Task description
Lines before the one containing "3 Cribs For Sale 25$ A Crib" are left out; return that line and every line after it exactly, through the end of the data below.

Exercise data
------------------------------------------------

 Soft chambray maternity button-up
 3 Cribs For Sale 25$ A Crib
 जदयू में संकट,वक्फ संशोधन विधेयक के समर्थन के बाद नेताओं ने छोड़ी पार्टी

------------------------------------------------

Exercise answer
 3 Cribs For Sale 25$ A Crib
 जदयू में संकट,वक्फ संशोधन विधेयक के समर्थन के बाद नेताओं ने छोड़ी पार्टी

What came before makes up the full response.